La devasta il cinghiale del bosco
e vi pascolano le bestie della campagna.

Dio degli eserciti, ritorna!
Guarda dal cielo e vedi
e visita questa vigna,
proteggi quello che la tua destra ha piantato,
il figlio dell’uomo che per te hai reso forte.

Da te mai più ci allontaneremo,
facci rivivere e noi invocheremo il tuo nome.
Signore, Dio degli eserciti, fa’ che ritorniamo,
fa’ splendere il tuo volto e noi saremo salvi.

 

 

SECONDA LETTURA (Filippesi 4,6-9)


Fratelli, non angustiatevi per nulla, ma in ogni circostanza fate presenti a Dio le vostre richieste con preghiere, suppliche e ringraziamenti.

E la pace di Dio, che supera ogni intelligenza, custodirà i vostri cuori e le vostre menti in Cristo Gesù.
In conclusione, fratelli, quello che è vero, quello che è nobile, quello che è giusto, quello che è puro, quello che è amabile, quello che è onorato, ciò che è virtù e ciò che merita lode, questo sia oggetto dei vostri pensieri.

Le cose che avete imparato, ricevuto, ascoltato e veduto in me, mettetele in pratica.
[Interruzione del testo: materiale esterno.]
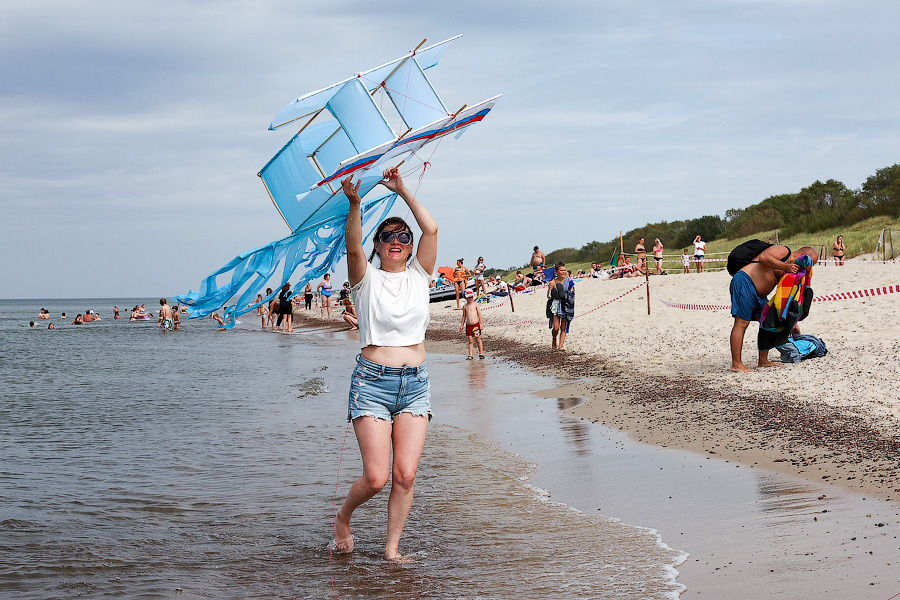 Отчего змеи летают как птицы: на Куршской косе провели фестиваль воздушных змеев (фото)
E il Dio della pace sarà con voi!

 

 

VANGELO (Matteo 21,33-43)

In quel tempo, Gesù disse ai capi dei sacerdoti e agli anziani del popolo:

«Ascoltate un’altra parabola: c’era un uomo, che possedeva un terreno e vi piantò una vigna. La circondò con una siepe, vi scavò una buca per il torchio e costruì una torre. La diede in affitto a dei contadini e se ne andò lontano.


Quando arrivò il tempo di raccogliere i frutti, mandò i suoi servi dai contadini a ritirare il raccolto. Ma i contadini presero i servi e uno lo bastonarono, un altro lo uccisero, un altro lo lapidarono.
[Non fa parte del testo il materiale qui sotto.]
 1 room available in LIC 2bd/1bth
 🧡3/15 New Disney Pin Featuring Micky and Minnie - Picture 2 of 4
Mandò di nuovo altri servi, più numerosi dei primi, ma li trattarono allo stesso modo.

Da ultimo mandò loro il proprio figlio dicendo: “Avranno rispetto per mio figlio!”. Ma i contadini, visto il figlio, dissero tra loro: “Costui è l’erede. Su, uccidiamolo e avremo noi la sua eredità!”. Lo presero, lo cacciarono fuori dalla vigna e lo uccisero.
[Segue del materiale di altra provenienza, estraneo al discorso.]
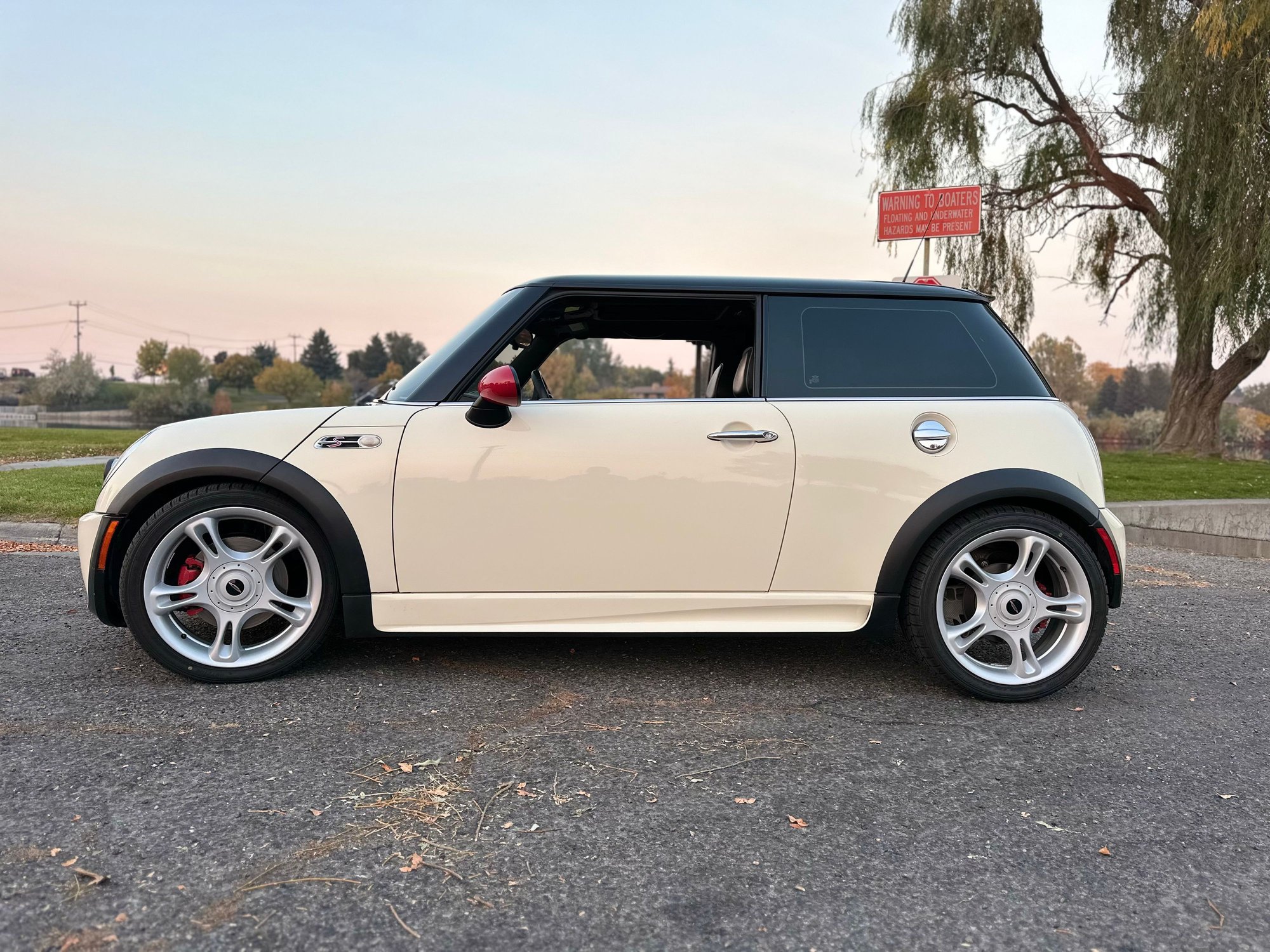 2006 Mini R53: "Mk I" Mini Cooper S - 2006 Mini Cooper Factory JCW - Used - VIN WMWRE33506TL20926 - 106,000 Miles - 4 cyl - 2WD - Manual - Coupe - White - Idaho Falls, ID 83402, United States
Quando verrà dunque il padrone della vigna, che cosa farà a quei contadini?».

Gli risposero: «Quei malvagi, li farà morire miseramente e darà in affitto la vigna ad altri contadini, che gli consegneranno i frutti a suo tempo».

E Gesù disse loro: «Non avete mai letto nelle Scritture:
“La pietra che i costruttori hanno scartato
è diventata la pietra d’angolo;
questo è stato fatto dal Signore
ed è una meraviglia ai nostri occhi”?
Perciò io vi dico: a voi sarà tolto il regno di Dio e sarà dato a un popolo che ne produca i frutti».

In altre parole…

 

Questa domenica - XXVII del TO - è anche il giorno di san Francesco, e siamo all’indomani del giorno in cui sulla sua tomba ad Assisi Papa Francesco ha firmato la nuova enciclica a lui ispirata “Fratelli tutti”, dedicata appunto, come si legge nel sottotitolo, alla “fraternità” e alla “amicizia sociale”. Dopo la “Laudato si’…” a sfondo ecologico, l’attenzione si porta all’umanità tutta: in qualche modo c’è l’invito a fare proprio il “cantico delle creature”. Ancora una volta, però, corriamo il rischio di rimanere abbagliati da tanta bellezza e luminosi orizzonti, ma poi rimanere spettatori entusiasti, come coloro che accolgono il seme della Parola, senza che questa possa mettere radici e portare frutto.   

 

A parte gradirlo e meditarlo, quale capacità abbiamo – o ha una chiesa intera - di condividere in profondità con Francesco il suo cantico? Basta guardare con lui le meraviglie del creato, o il problema è avere il suo cuore e i suoi occhi per credere ad una creazione ed umanità redenta? È a questo che bisognerebbe mirare, allo spirito evangelico che guarda “gli uccelli del cielo” (Mt 6,26) e i gigli dei campi (Lc 12,27)  e ci fa solidali con tutti gli uomini di buona volontà, operatori di pace come figli di Dio: non possiamo fermarci a metà strada. Ciò non toglie che si debba condividere con tutti la cura del creato e la speranza della fraternità universale, ma senza rinunciare ad essere voce profetica dentro la comune utopia. E cioè come frutto di un’esistenza di fede matura, con totale realismo e con piena dedizione.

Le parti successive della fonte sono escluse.